--- RECORD SET Enclosed Below ---

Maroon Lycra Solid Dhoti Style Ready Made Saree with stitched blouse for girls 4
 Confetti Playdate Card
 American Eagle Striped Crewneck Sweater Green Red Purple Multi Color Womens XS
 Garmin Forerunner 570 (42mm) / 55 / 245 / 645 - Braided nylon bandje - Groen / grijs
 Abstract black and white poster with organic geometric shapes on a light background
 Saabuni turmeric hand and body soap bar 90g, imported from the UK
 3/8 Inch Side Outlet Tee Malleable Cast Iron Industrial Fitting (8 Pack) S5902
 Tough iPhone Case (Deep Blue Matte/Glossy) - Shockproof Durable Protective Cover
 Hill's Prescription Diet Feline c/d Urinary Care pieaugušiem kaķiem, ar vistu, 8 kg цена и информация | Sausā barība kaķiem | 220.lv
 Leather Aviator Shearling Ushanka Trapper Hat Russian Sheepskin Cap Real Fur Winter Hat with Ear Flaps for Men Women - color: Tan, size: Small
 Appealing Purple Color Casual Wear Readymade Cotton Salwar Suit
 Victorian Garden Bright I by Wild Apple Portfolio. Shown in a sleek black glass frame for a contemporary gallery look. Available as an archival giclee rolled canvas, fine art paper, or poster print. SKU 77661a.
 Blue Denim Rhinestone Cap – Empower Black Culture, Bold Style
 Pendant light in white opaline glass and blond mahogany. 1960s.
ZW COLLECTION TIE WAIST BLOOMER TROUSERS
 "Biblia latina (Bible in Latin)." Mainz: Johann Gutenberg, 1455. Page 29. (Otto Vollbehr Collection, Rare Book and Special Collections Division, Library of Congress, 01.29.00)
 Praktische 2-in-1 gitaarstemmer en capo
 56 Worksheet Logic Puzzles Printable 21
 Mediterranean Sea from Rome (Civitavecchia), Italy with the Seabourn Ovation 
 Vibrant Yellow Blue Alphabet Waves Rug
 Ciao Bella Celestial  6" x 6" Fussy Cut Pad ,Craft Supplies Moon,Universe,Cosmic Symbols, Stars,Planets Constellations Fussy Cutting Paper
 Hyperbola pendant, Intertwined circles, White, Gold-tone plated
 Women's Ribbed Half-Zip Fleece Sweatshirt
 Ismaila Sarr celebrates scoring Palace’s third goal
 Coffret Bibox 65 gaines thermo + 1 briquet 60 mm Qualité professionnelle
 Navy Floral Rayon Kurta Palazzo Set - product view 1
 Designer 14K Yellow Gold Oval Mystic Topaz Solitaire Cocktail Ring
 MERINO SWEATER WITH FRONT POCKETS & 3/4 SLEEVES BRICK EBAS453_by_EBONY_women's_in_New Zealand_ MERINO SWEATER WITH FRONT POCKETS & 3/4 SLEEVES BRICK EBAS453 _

--- End of Enclosed RECORD SET ---

§ WHAT YOU WILL DO:
Using the records above, output exactly the lines from the first through the line that contains "Garmin Forerunner 570", with both of those included.

§ EXERCISE RESPONSE:
Maroon Lycra Solid Dhoti Style Ready Made Saree with stitched blouse for girls 4
 Confetti Playdate Card
 American Eagle Striped Crewneck Sweater Green Red Purple Multi Color Womens XS
 Garmin Forerunner 570 (42mm) / 55 / 245 / 645 - Braided nylon bandje - Groen / grijs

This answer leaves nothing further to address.